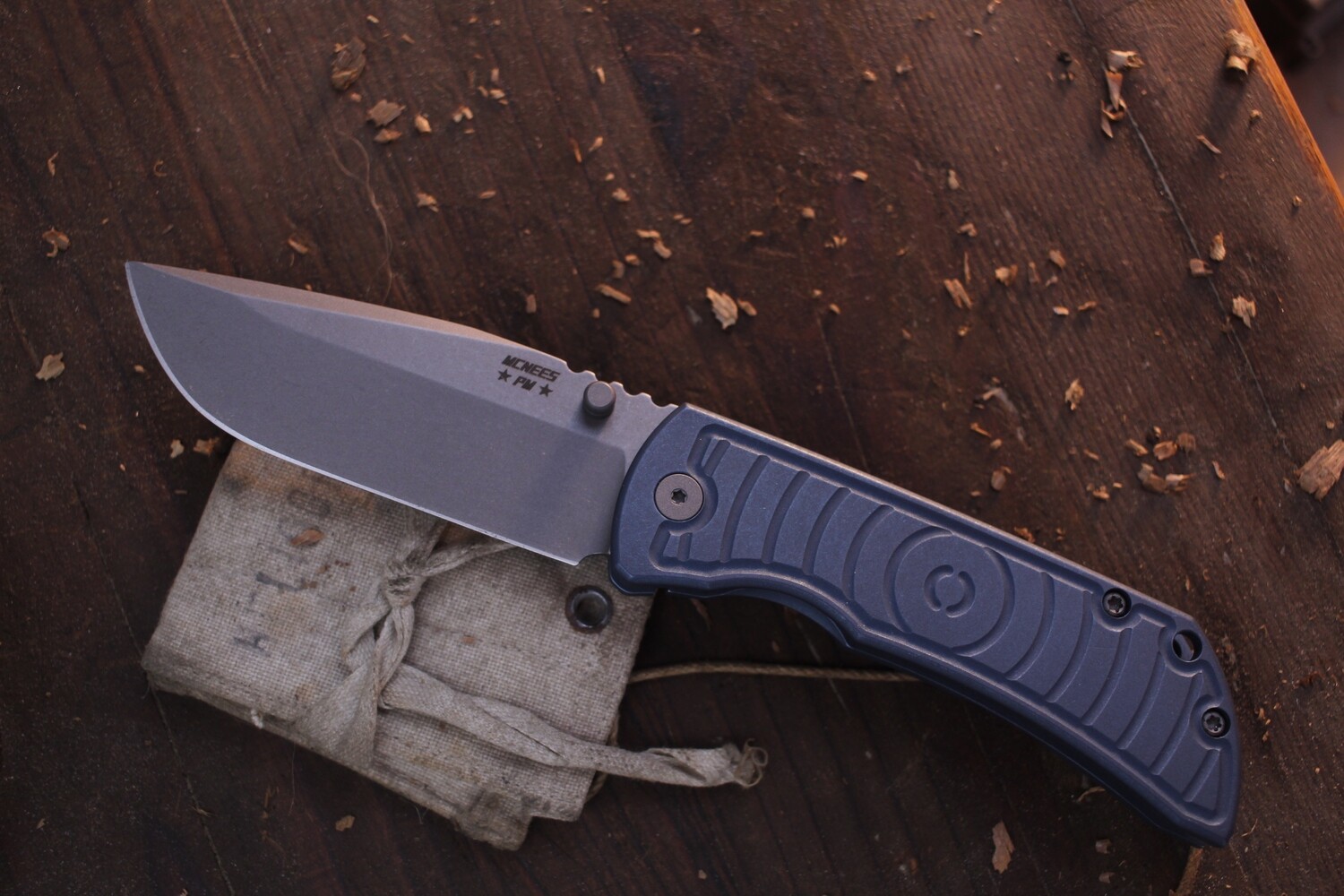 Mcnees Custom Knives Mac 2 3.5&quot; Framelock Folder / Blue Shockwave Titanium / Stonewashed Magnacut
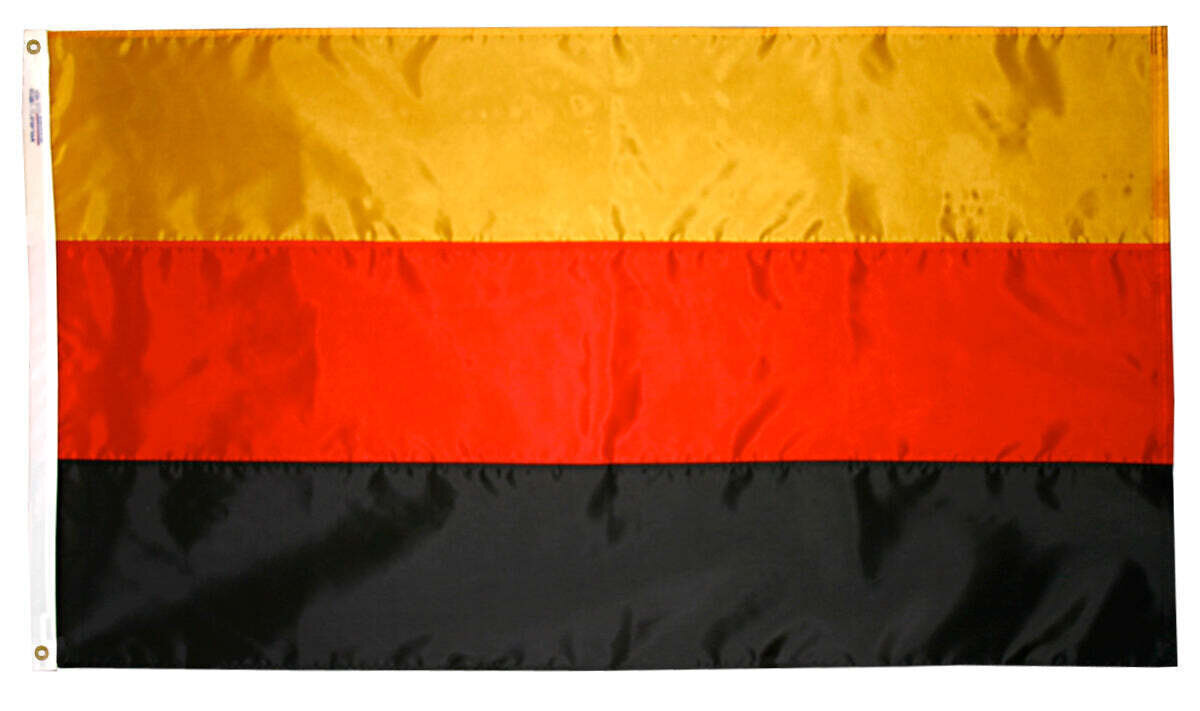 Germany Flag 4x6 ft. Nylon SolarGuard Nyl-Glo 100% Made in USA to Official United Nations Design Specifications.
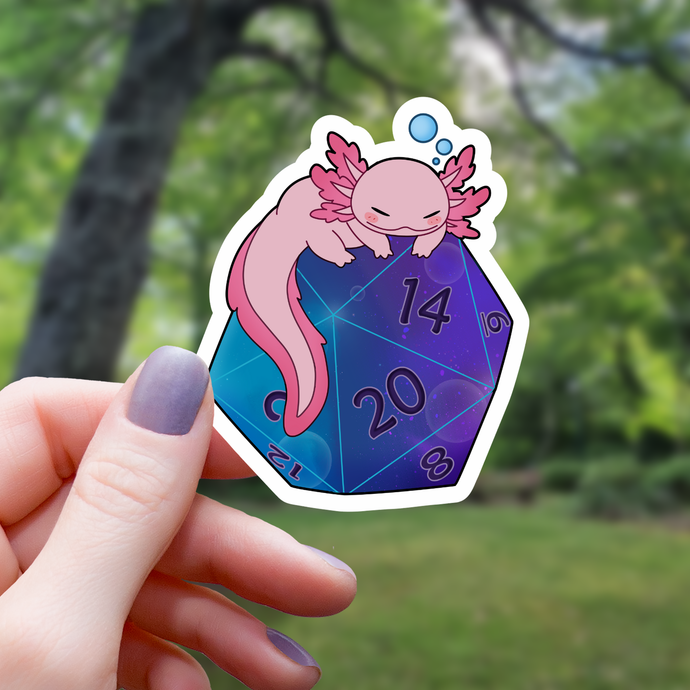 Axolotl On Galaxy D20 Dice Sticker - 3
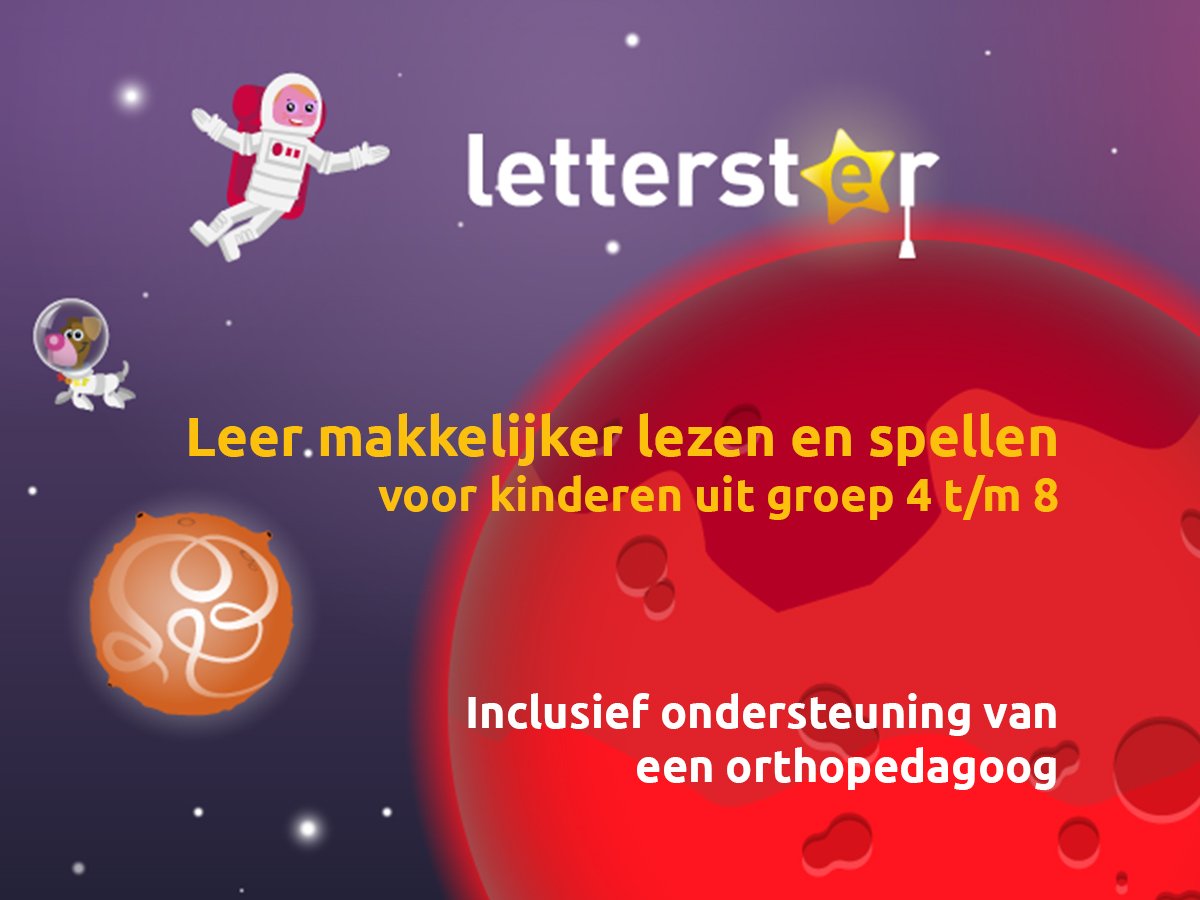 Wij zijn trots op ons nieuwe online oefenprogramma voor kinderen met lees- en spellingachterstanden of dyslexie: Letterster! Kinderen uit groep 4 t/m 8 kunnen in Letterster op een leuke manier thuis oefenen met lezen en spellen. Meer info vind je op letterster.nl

**Work instruction:**
The answer should consist of every line above, exact and free of images.

**Answer:**
 Mcnees Custom Knives Mac 2 3.5&quot; Framelock Folder / Blue Shockwave Titanium / Stonewashed Magnacut
 Germany Flag 4x6 ft. Nylon SolarGuard Nyl-Glo 100% Made in USA to Official United Nations Design Specifications.
 Axolotl On Galaxy D20 Dice Sticker - 3
 Wij zijn trots op ons nieuwe online oefenprogramma voor kinderen met lees- en spellingachterstanden of dyslexie: Letterster! Kinderen uit groep 4 t/m 8 kunnen in Letterster op een leuke manier thuis oefenen met lezen en spellen. Meer info vind je op letterster.nl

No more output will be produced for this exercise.